The United States strongly asserts its sovereign right, on the same basis as other Member States, to determine its bilateral policies, including its economic relationships with other countries, in accordance with its own national interests and values.
The U.S. economic relationship with Cuba is a bilateral issue, and is not appropriately a concern of this Assembly. The embargo represents just one aspect of U.S. policy toward Cuba, whose overarching goal is to encourage a more open environment in Cuba and increased respect for human rights and fundamental freedoms – principles to which this organization is also dedicated.
The US asserts that the Cuban government’s own policies – not any action of the U.S. government – are the greatest obstacle to Cuba’s economic development. He stressed these policies concentrate political and economic decisions in the hands of the few, stifling economic growth.

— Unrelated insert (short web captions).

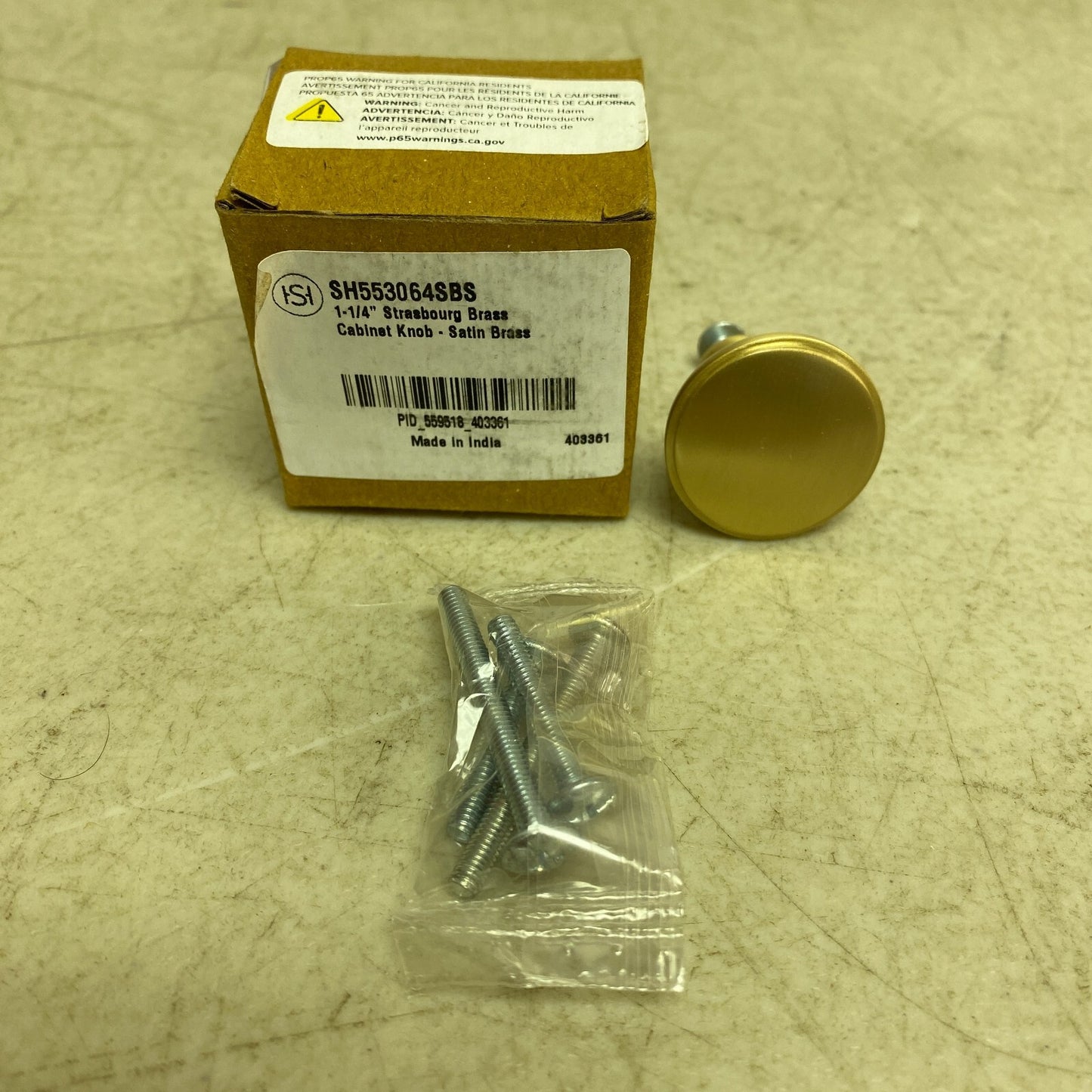 Signature Hardware 1-1/4" Strasbourg Brass Cabinet Knob - Satin Brass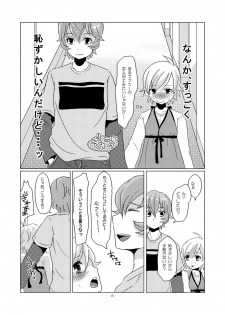 [P-ME (Sakai Ringo)] Mizutama (Gunparade March) [Digital] - page 5
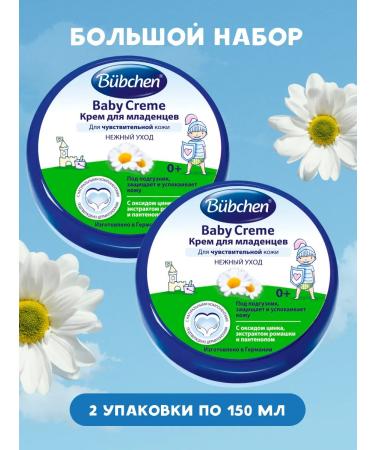 Bubchen Children's cream 2 pcs 150 ml - Buy Online on GoSupps.com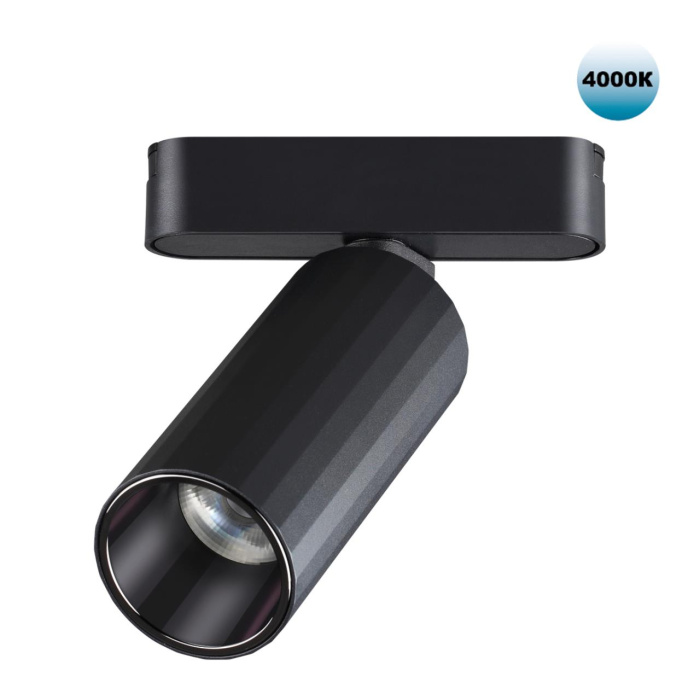 Трековый светильник Novotech Smal 359092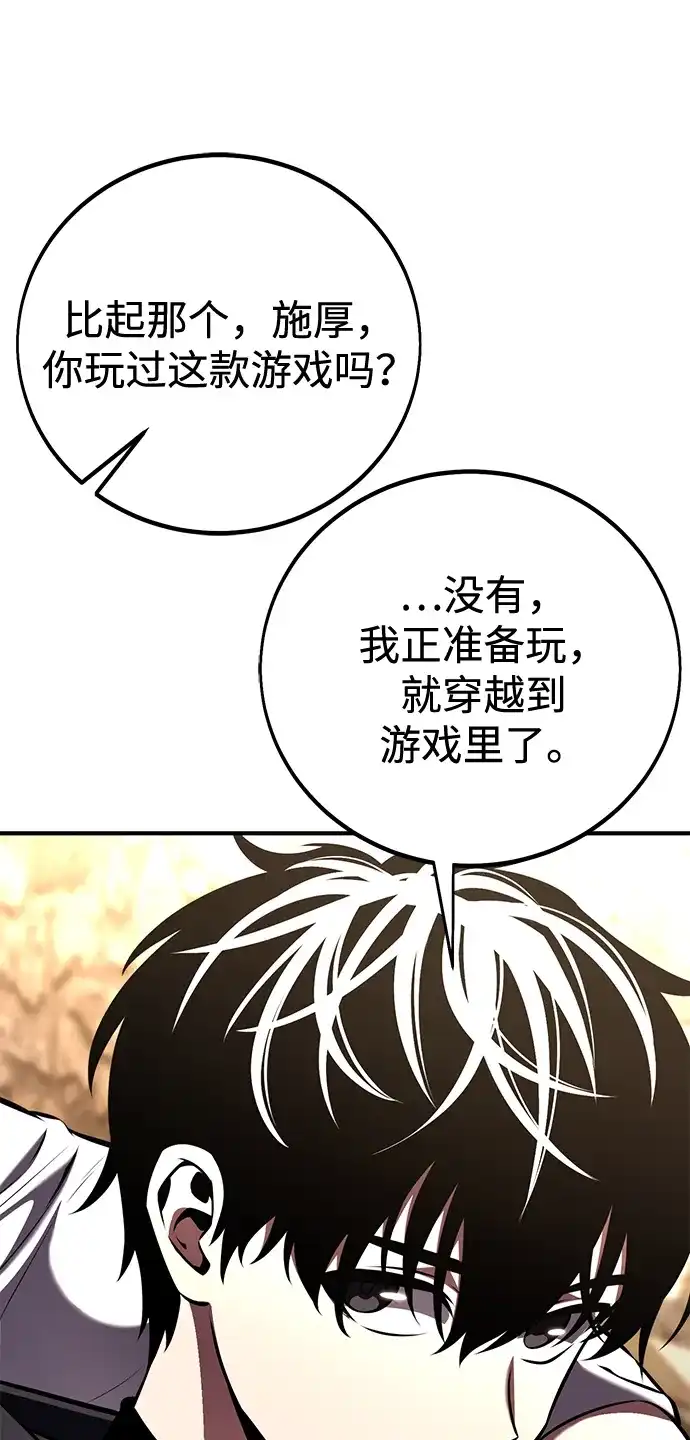 第100话-我杀了学院玩家-GREENKYRIN（第31张）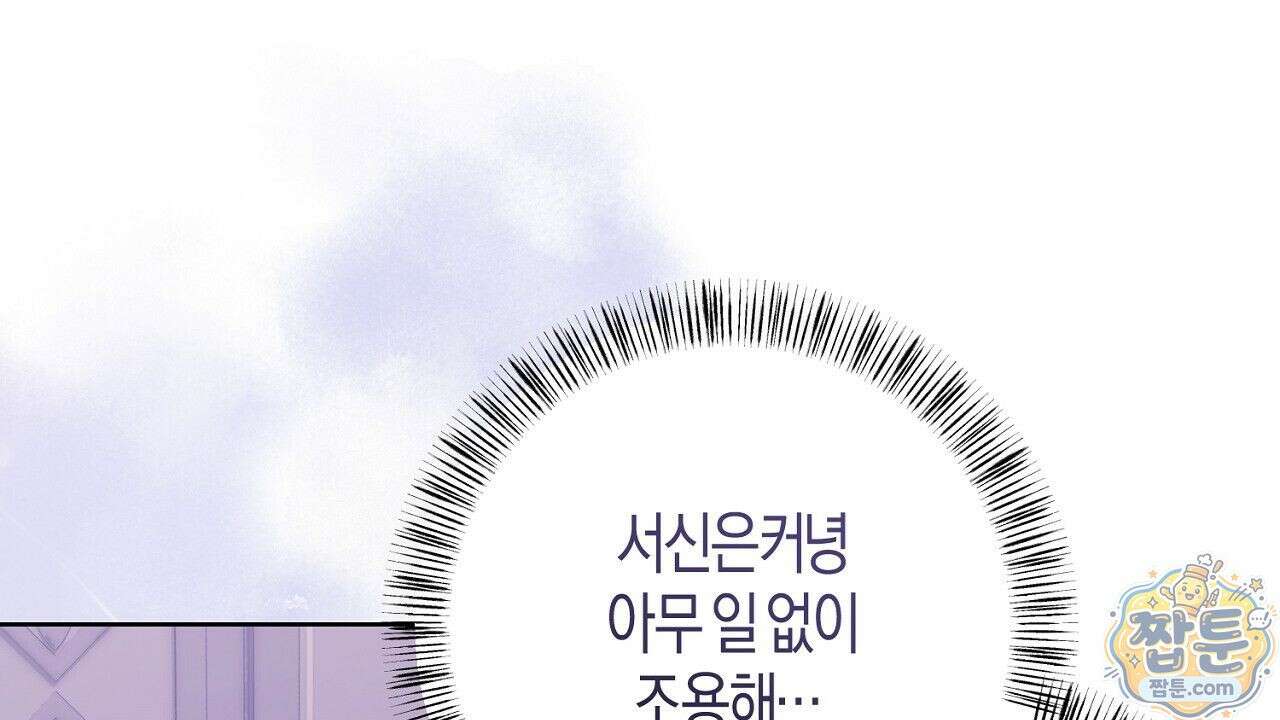 오만한 개새끼의 목줄을 잡았다 3화 4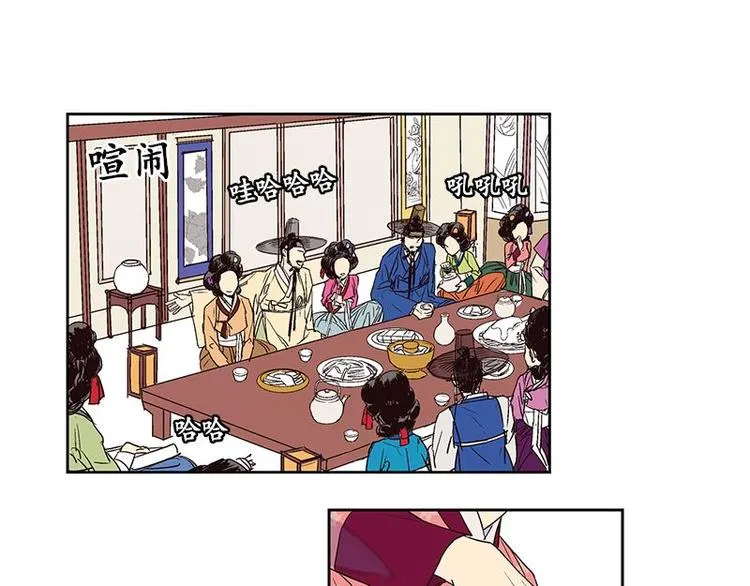 003 第40页
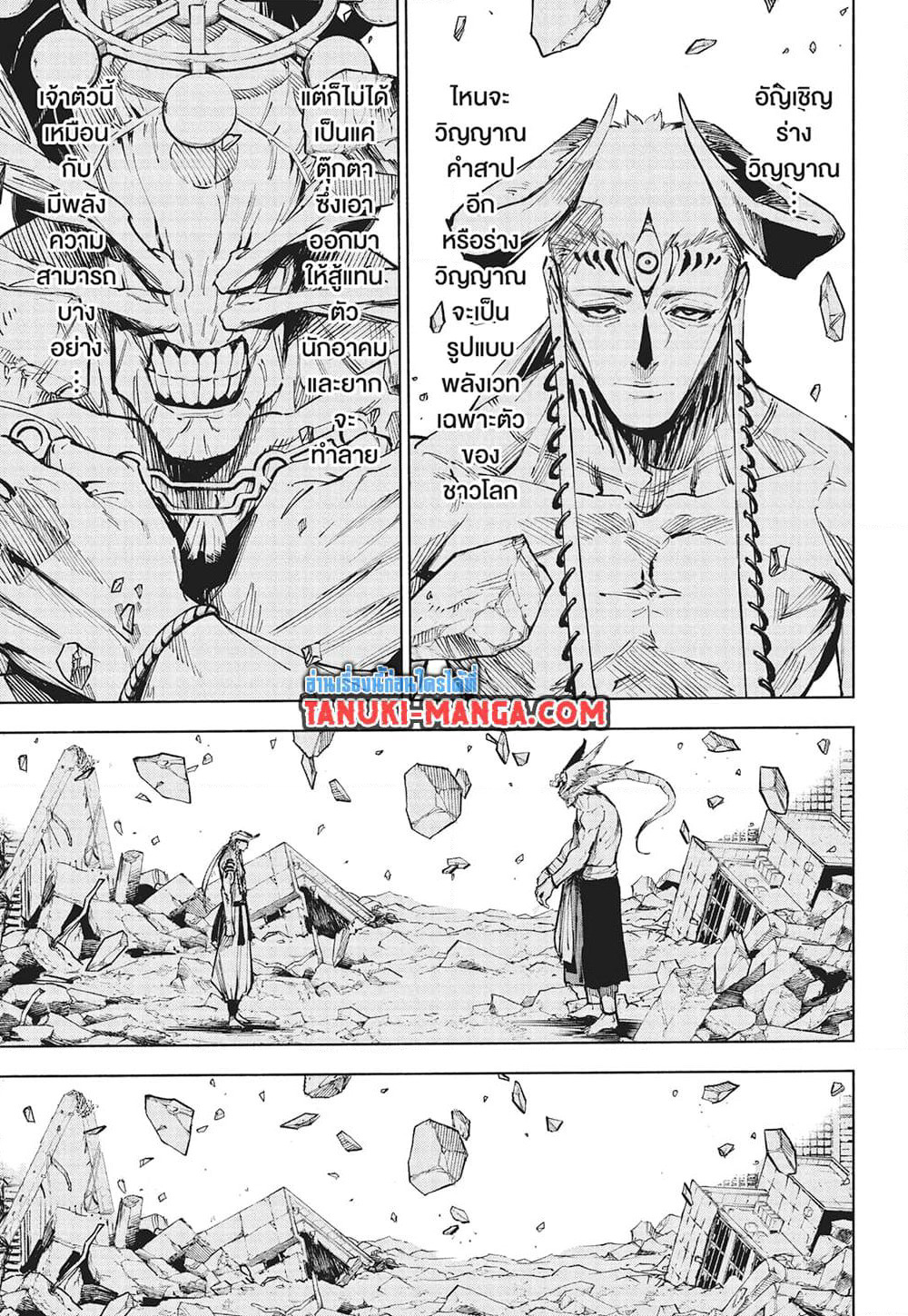 Jujutsu Kaisen Modulo page 7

The United States is a leading source of food and humanitarian aid to Cuba. The United States does not restrict humanitarian aid to Cuba. Cubans receive food, medicine, other forms of assistance, and remittances from the United States. In 2010, the United States government authorized $3.5 billion in total sales to Cuba of U.S. goods. In agricultural products alone, the United States exported $361.7 million in goods to Cuba in 2010, including poultry, soy bean products, corn, wheat, feed products, pork, and other items.
The United States has for years been one of Cuba’s principal trading partners. In total, the United States in 2010 also authorized $861million in private humanitarian assistance in the form of gift parcels filled with food and other basic necessities, as well as non-agricultural and medical donations.
The US goverment has called on Cuban government to release unconditionally and immediate the 62-year-old American citizen Alan Gross, whom it sentenced to 15 years in prison for the crime of trying to connect Cuba’s Jewish communities to the Internet.